En ese año la citada autoridad se manifestaba así cuando se le preguntaba sobre la necesidad de los milagros en los procesos de canonización y sobre si no bastaría simplemente con pruebas demostrativas de un ejercicio en grado heroico de las virtudes:

… … Establecer la heroicidad de las virtudes, mediante todo el trabajo de recogida de las pruebas testimoniales y documentales, de profundización histórico-crítica, de evaluación teológica hasta lograr la certeza moral y dar un juicio, por mucho que sea fundado, serio y esmerado, puede estar sujeto al error. Nosotros podemos equivocarnos siempre, podemos engañarnos siempre, los milagros en cambio sólo puede hacerlos Dios, y Dios no engaña. Son un don gratuito de Dios, una señal segura de la revelación, destinada a glorificar a Dios, a despertar y reforzar nuestra fe, y son también, por tanto una confirmación de la santidad de la persona invocada. Su reconocimiento permite, por tanto, dar con seguridad la concesión del culto.

En resumen, los milagros hacen a los santos y, en una causa de canonización, los milagros representan también la sanción divina a un juicio humano…

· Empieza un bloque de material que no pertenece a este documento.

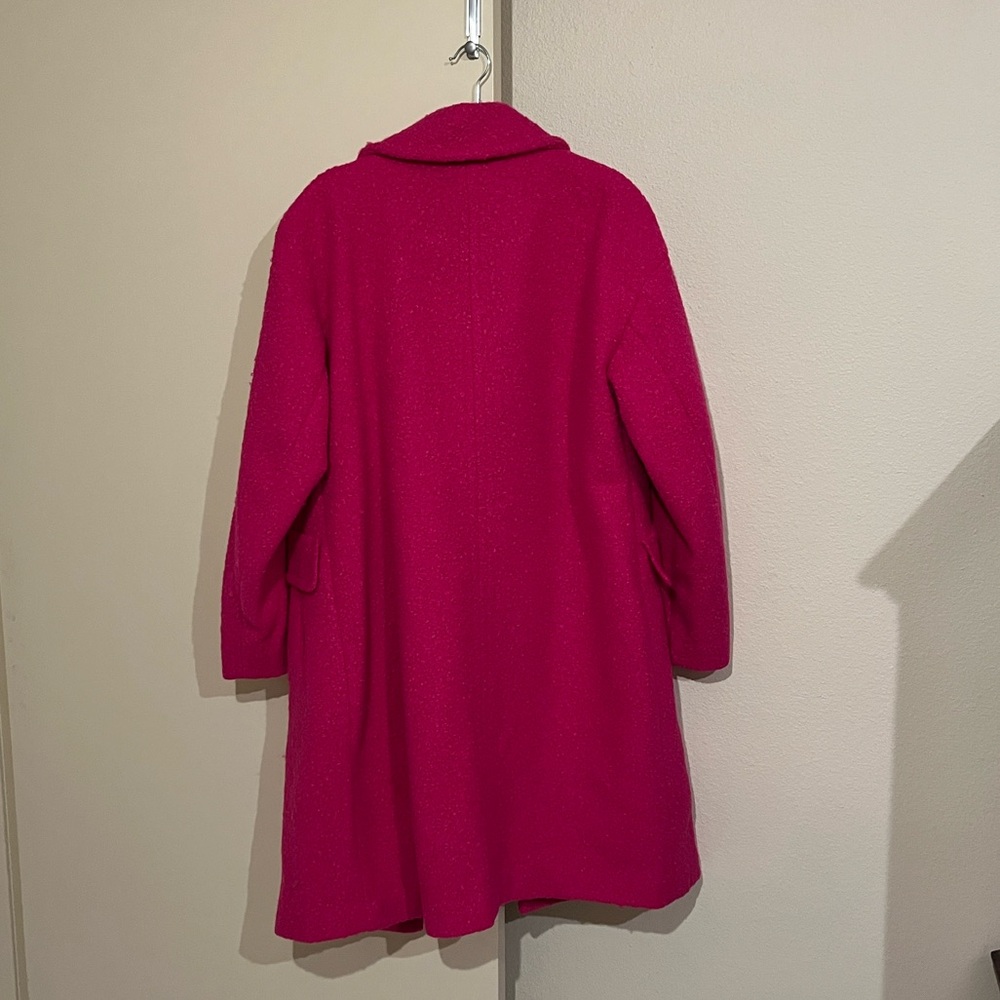 Bright Pink Boucle Trench Coat - Picture 2 of 6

Fuente: Revista 30giorni, nº 4 del año 2004

Visto lo anterior el cambio operado por nuestros últimos papas, quizás más acentuado en el actual, de rebajar el número de milagros para declarar la santidad de una persona, parece disminuir la importancia de éstos en el proceso de canonización. Si el papa puede a su arbitrio rebajar el número de milagros, llegando el actual, por ejemplo, a reconocer la santidad de Juan XXIII con sólo un único milagro, y quién sabe, si en el futuro sin milagro alguno. De llegarse a este extremo, la declaración papal sólo se basaría en apreciaciones humanas respecto al ejercicio en grado heroico de las virtudes, elaboradas por la Congregación para las causas de los santos. Apreciaciones sujetas a error humano, como dice Michele di Ruberto. Sin llegar a ello, con la reducción del número de milagros ya operada, la Declaración de santidad ya está descansando más directamente en la autoridad del Papa, que en la confirmación divina que suponen los milagros.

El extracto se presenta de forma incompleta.